Problem requirements: Print out every record below, exactly as written.

Dataset:

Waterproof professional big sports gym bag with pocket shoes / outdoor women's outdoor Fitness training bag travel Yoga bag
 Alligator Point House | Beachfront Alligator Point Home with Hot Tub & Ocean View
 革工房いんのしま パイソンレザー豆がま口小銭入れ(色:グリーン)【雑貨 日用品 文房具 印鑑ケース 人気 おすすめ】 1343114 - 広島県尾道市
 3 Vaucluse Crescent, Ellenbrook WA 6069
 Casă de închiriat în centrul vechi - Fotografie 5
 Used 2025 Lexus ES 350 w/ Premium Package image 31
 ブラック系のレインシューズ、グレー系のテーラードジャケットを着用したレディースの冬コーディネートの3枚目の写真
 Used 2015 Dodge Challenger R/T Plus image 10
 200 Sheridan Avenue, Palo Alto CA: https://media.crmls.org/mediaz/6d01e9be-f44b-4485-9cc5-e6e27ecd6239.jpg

Result of the task:
Waterproof professional big sports gym bag with pocket shoes / outdoor women's outdoor Fitness training bag travel Yoga bag
 Alligator Point House | Beachfront Alligator Point Home with Hot Tub & Ocean View
 革工房いんのしま パイソンレザー豆がま口小銭入れ(色:グリーン)【雑貨 日用品 文房具 印鑑ケース 人気 おすすめ】 1343114 - 広島県尾道市
 3 Vaucluse Crescent, Ellenbrook WA 6069
 Casă de închiriat în centrul vechi - Fotografie 5
 Used 2025 Lexus ES 350 w/ Premium Package image 31
 ブラック系のレインシューズ、グレー系のテーラードジャケットを着用したレディースの冬コーディネートの3枚目の写真
 Used 2015 Dodge Challenger R/T Plus image 10
 200 Sheridan Avenue, Palo Alto CA: https://media.crmls.org/mediaz/6d01e9be-f44b-4485-9cc5-e6e27ecd6239.jpg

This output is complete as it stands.